» About this task
Please write out exactly the lines from the opening of the listing through the line that holds "Property Photo: 609", including both, and nothing else; no pictures.

╔══

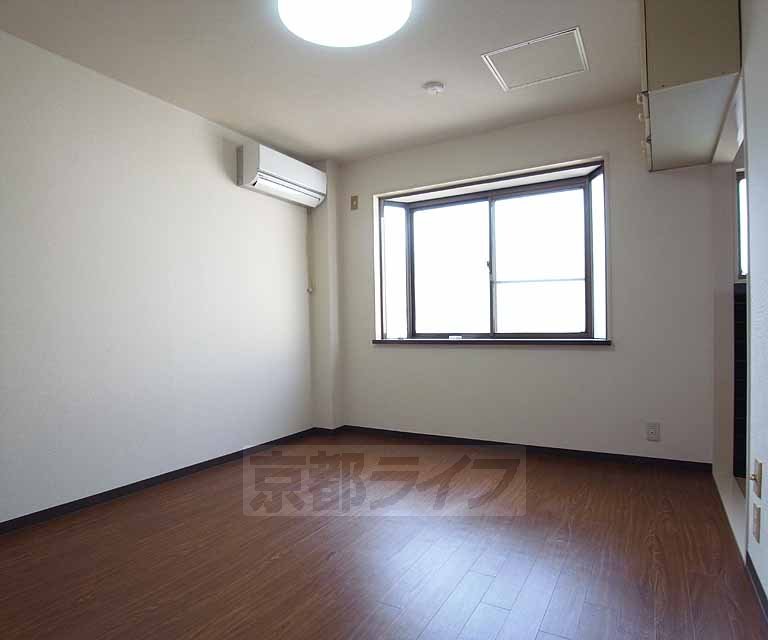 居室・リビング　明るいお部屋ですね。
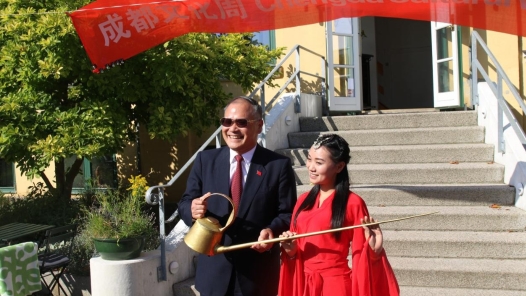 工匠汇·第四届“四川工匠”｜王霏：致力于中国茶文化艺术的国际交流与传�? title=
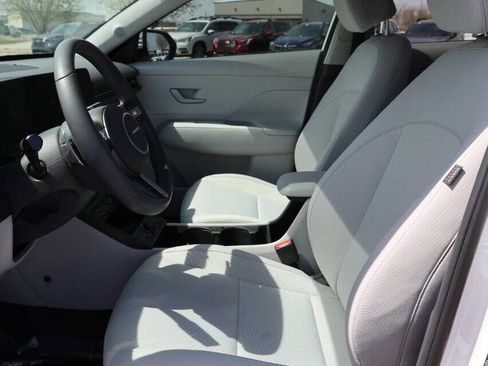 Used 2025 Hyundai Kona SEL image 13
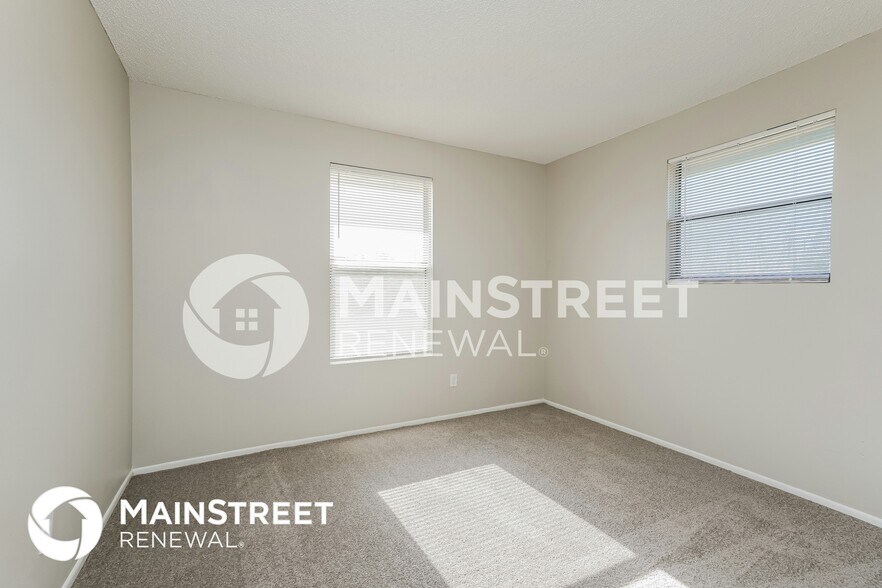 Building Photo - 2504 NE 23rd Pl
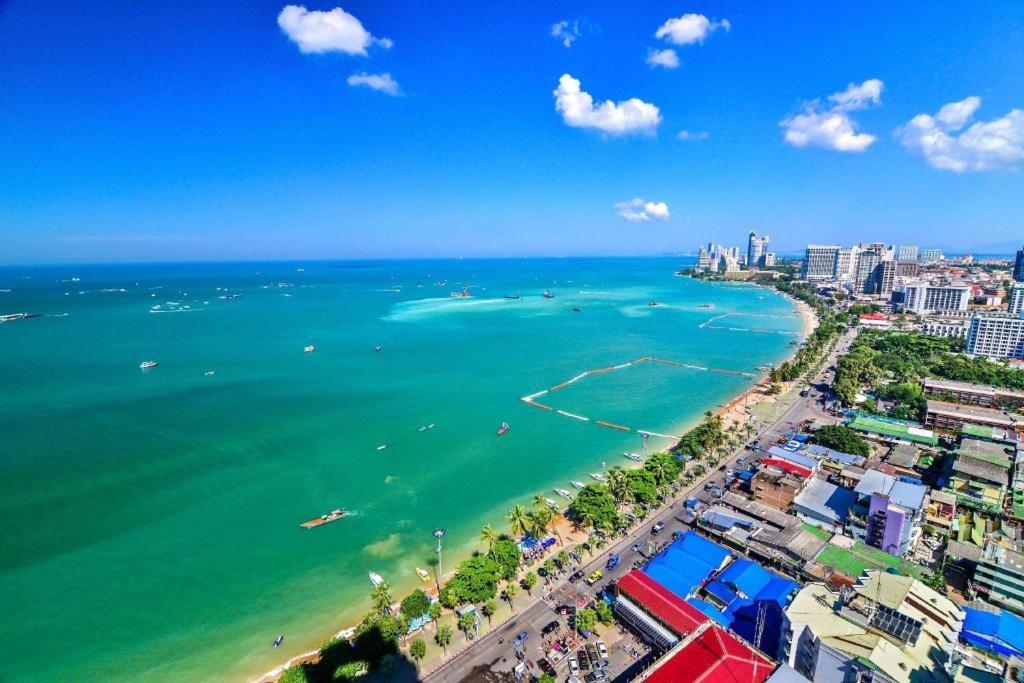 The Green View Pattaya Exterior photo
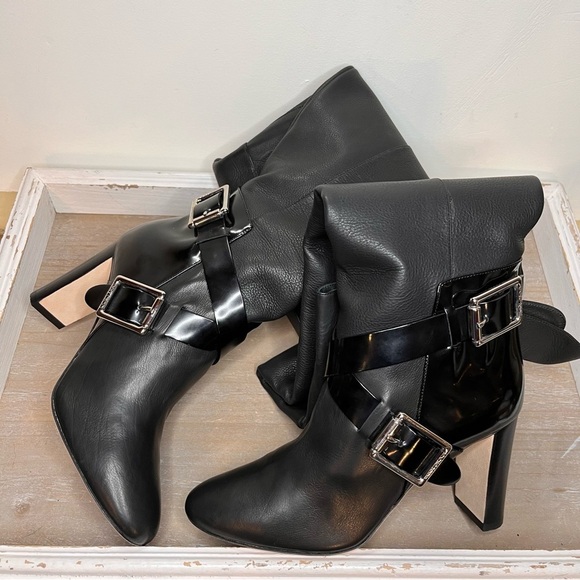 Jimmy Choo Doma Knee High Buckle & Strap Detail Black Boots Size EU 35/US 5 NWOT - Picture 14 of 15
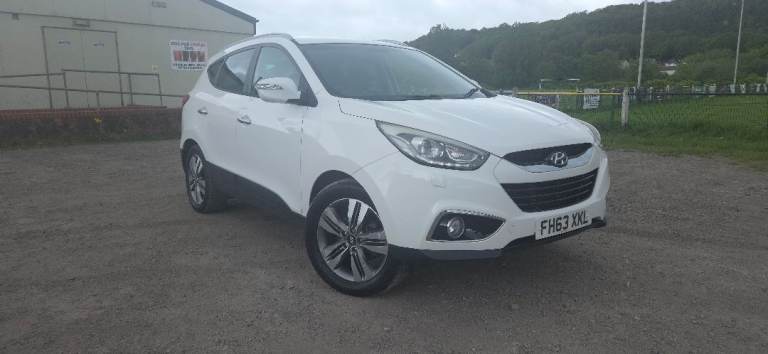 Hyundai, IX35, AWD Estate, 2014, Manual, 1995 (cc), 5 doors Tucson Kia Sportage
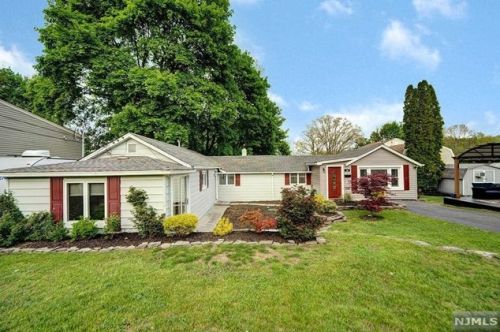 20 Highland Ave, West Milford NJ  07480-3855 exterior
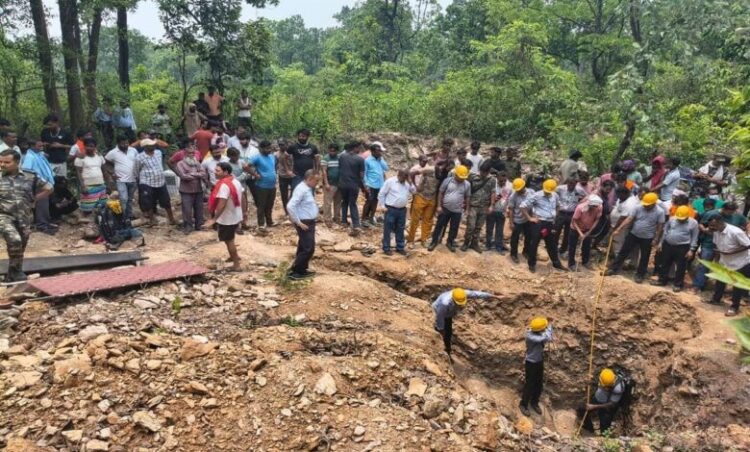 Ramgarh News: कोयला खदान में अवैध खनन के दौरान हादसा, 4 की मौत, कई लोगों के फंसे होने की आशंका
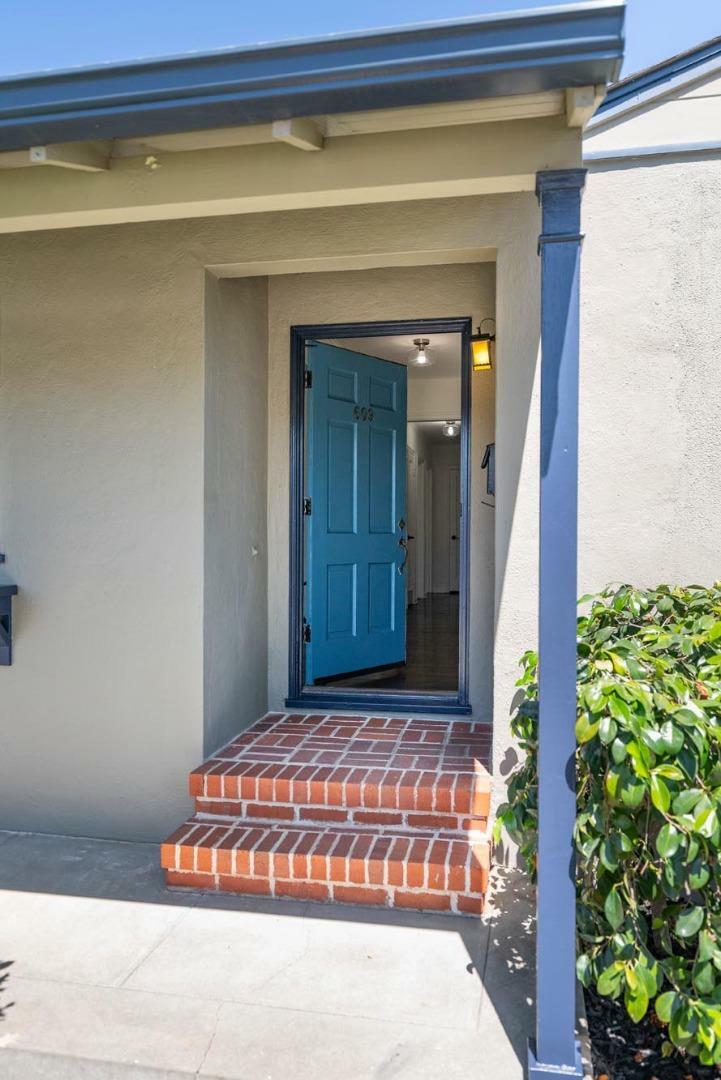 Property Photo: 609 Guildford Avenue CA 94402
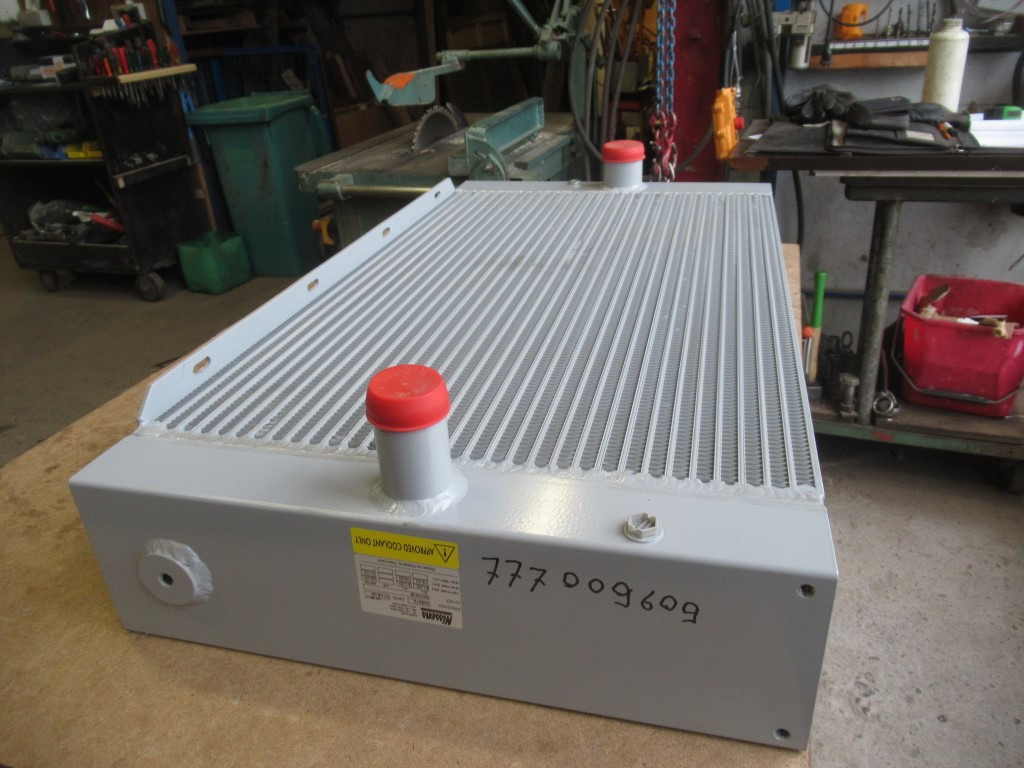 New Holland 6904526 - Bộ tản nhiệt cho Máy móc xây dựng: hình 2 New Holland 6904526 - Bộ tản nhiệt cho Máy móc xây dựng: hình 2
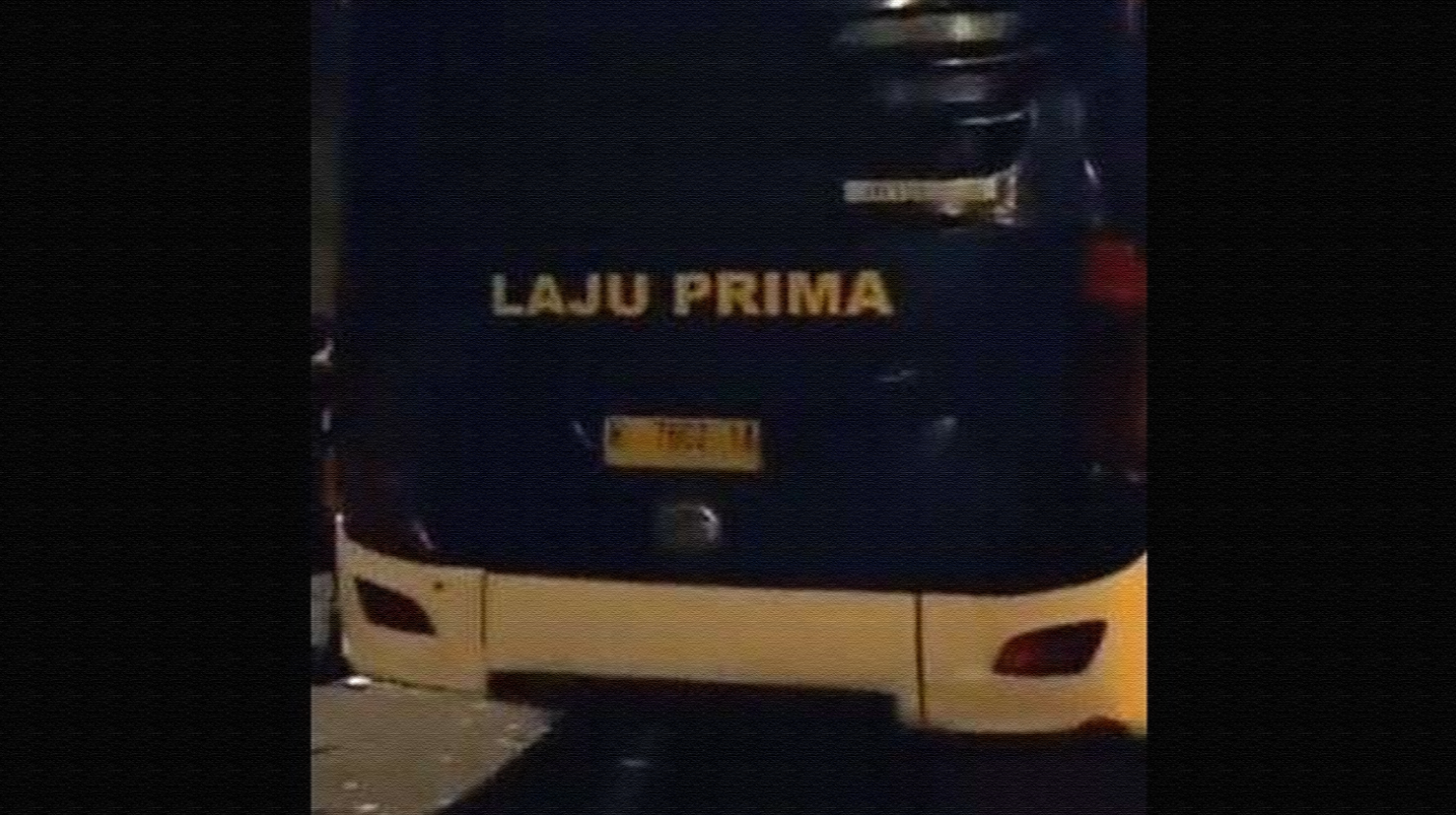 Bus PO Laju Prima diduga penyebab kecelakaan beruntun di Tol Cipularang KM 92, Minggu 26 Juni 2022. (Foto: Twitter @sutan2009)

╚══

» Reply to the task
 居室・リビング　明るいお部屋ですね。
 工匠汇·第四届“四川工匠”｜王霏：致力于中国茶文化艺术的国际交流与传�? title=
 Used 2025 Hyundai Kona SEL image 13
 Building Photo - 2504 NE 23rd Pl
 The Green View Pattaya Exterior photo
 Jimmy Choo Doma Knee High Buckle & Strap Detail Black Boots Size EU 35/US 5 NWOT - Picture 14 of 15
 Hyundai, IX35, AWD Estate, 2014, Manual, 1995 (cc), 5 doors Tucson Kia Sportage
 20 Highland Ave, West Milford NJ  07480-3855 exterior
 Ramgarh News: कोयला खदान में अवैध खनन के दौरान हादसा, 4 की मौत, कई लोगों के फंसे होने की आशंका
 Property Photo: 609 Guildford Avenue CA 94402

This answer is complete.